E-Scrap News

How PPP loans assisted the e-scrap industry

Inside the C2 Management facility.

C2 Management moved into a new 100,000-square-foot processing facility in Berryville, Va. earlier this year. | Courtesy of Able Moving & Storage

When C2 Management received a PPP loan, the money couldn’t have come at a better time.

The Berryville, Va. e-scrap processor had just hired several employees and was in the process of moving into a new headquarters when the pandemic took hold, said Chris Hansen, CEO and founder of C2 Management.

“With work coming to a standstill the recently elevated overhead was going to be a big problem for us,” Hansen said. “The loan allowed us to invest in training these new employees in many of the different recycling programs we are involved in, and these redundancies have made them more valuable to us as well as protected us against the varying degrees of shut down or delays that may occur amongst our clients in the near future.”

C2 was one of thousands of companies involved in the electronics recycling, repair and refurbishment industries to receive assistance from the Paycheck Protection Program (PPP) in April, May and June. In July, the Small Business Administration (SBA), which administers the program, released data on PPP recipients (disclosure: Resource Recycling, Inc., publisher of E-Scrap News, received a PPP loan below $150,000).

A look at the numbers

The SBA disclosed the names of recipients that received loans of $150,000 or more. All recipients were categorized using North American Industry Classification System (NAICS) codes.

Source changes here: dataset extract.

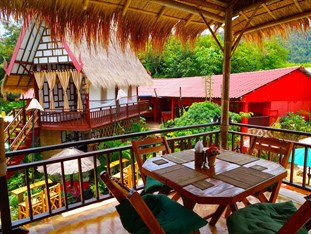 Agoda.com Thailand Apartments & Hotels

Among those classified with the NAICS materials recovery facility (MRF) code, e-scrap company ERI received a loan between $2 million and $5 million, which was the largest loan range, the data showed. That assistance, approved April 10, helped the Fresno, Calif.-headquartered processor preserve 437 jobs.

Under the MRF code, other companies that handle some amount of e-scrap material and received loans between $1 million and $2 million included Chicago-based Universal Scrap Metal, Simi Valley-Calif.-based Lighting Resources, and Hebron, Ky.-based toner and ink cartridge processor Close the Loop.

A number of other prominent e-scrap/ITAD processors using the MRF code received loans under $1 million. A full list is available here. Except for C2 Management, all named PPP recipients that were contacted by E-Scrap News for comment either did not respond or declined to comment on the loans.

The NAICS MRF code refers to facilities sorting curbside recyclables such as paper, plastics and metal packaging. But the list of PPP recipients under that code also included scrap metal yards, plastic reclaimers, construction and demolition debris facilities, composting facilities and others, making it difficult to exactly quantify total e-scrap business recipients in this category.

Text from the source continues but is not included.